### [Caption-style text data]
++++++++++++++++++++

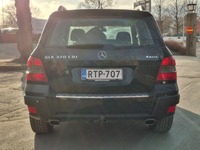 Mercedes-Benz GLK vaihtoauto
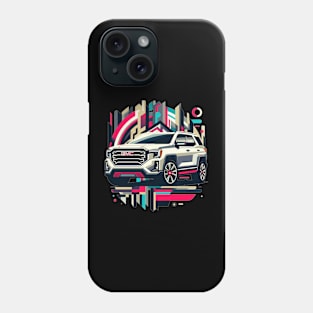 GMC Terrain Phone Case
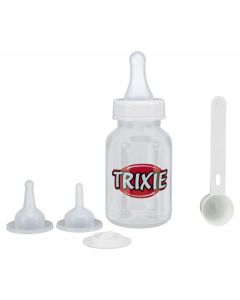 CZ Trixie Saugflaschen-Set für Welpen und Kitten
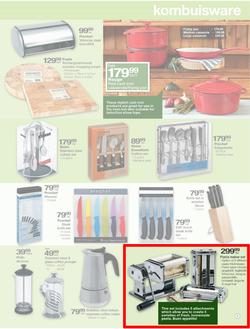Checkers Hyper Nationwide : Come Home To Savings! (21 Oct - 3 Nov 2013), page 5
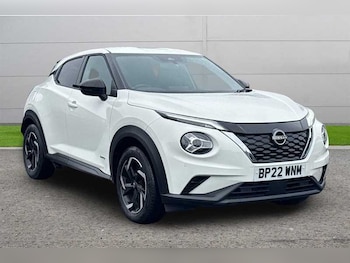 Nissan Juke feature image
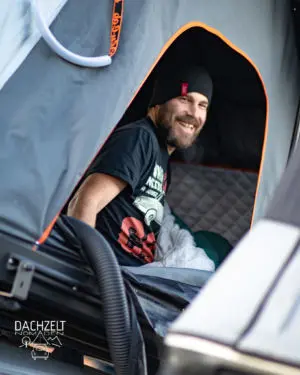 DACHZELT SILVESTER CAMP 2019/ 2020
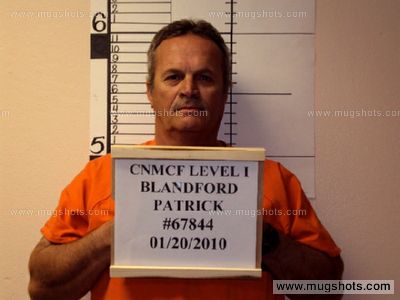 Patrick Blandford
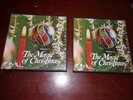 The Magic of Christmas Vol. 1 & 2, Reel to Reel 4 Track Tape, VG + Condition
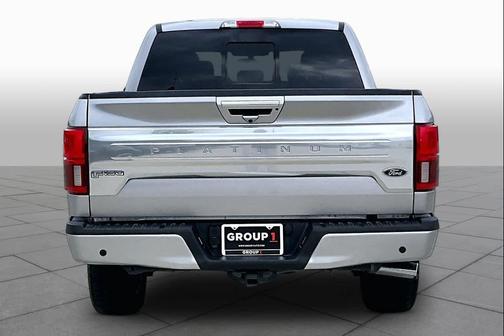 2020 Ford F-150 Platinum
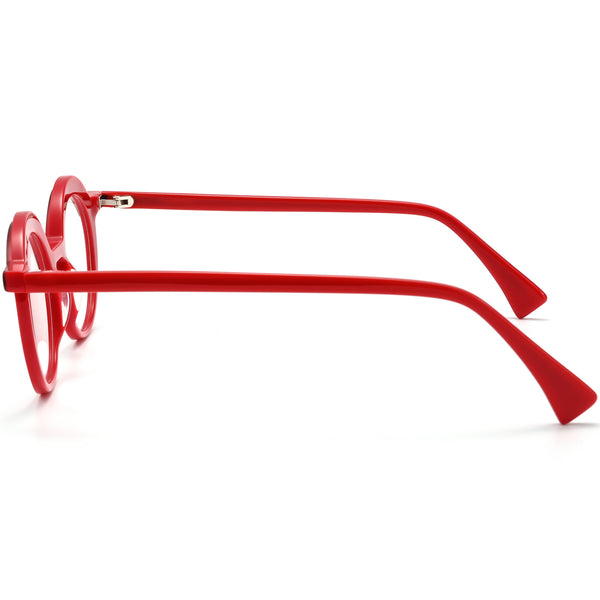 Round Glasses YN1113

++++++++++++++++++++

### [TASK REQUIREMENTS]
Copy the final portion of the records: every line from the one containing "CZ Trixie Saugflaschen-Set" through the last, word for word, without pictures.

### [RESULT OF THIS EXERCISE]
 CZ Trixie Saugflaschen-Set für Welpen und Kitten
Checkers Hyper Nationwide : Come Home To Savings! (21 Oct - 3 Nov 2013), page 5
 Nissan Juke feature image
 DACHZELT SILVESTER CAMP 2019/ 2020
 Patrick Blandford
 The Magic of Christmas Vol. 1 & 2, Reel to Reel 4 Track Tape, VG + Condition
 2020 Ford F-150 Platinum
 Round Glasses YN1113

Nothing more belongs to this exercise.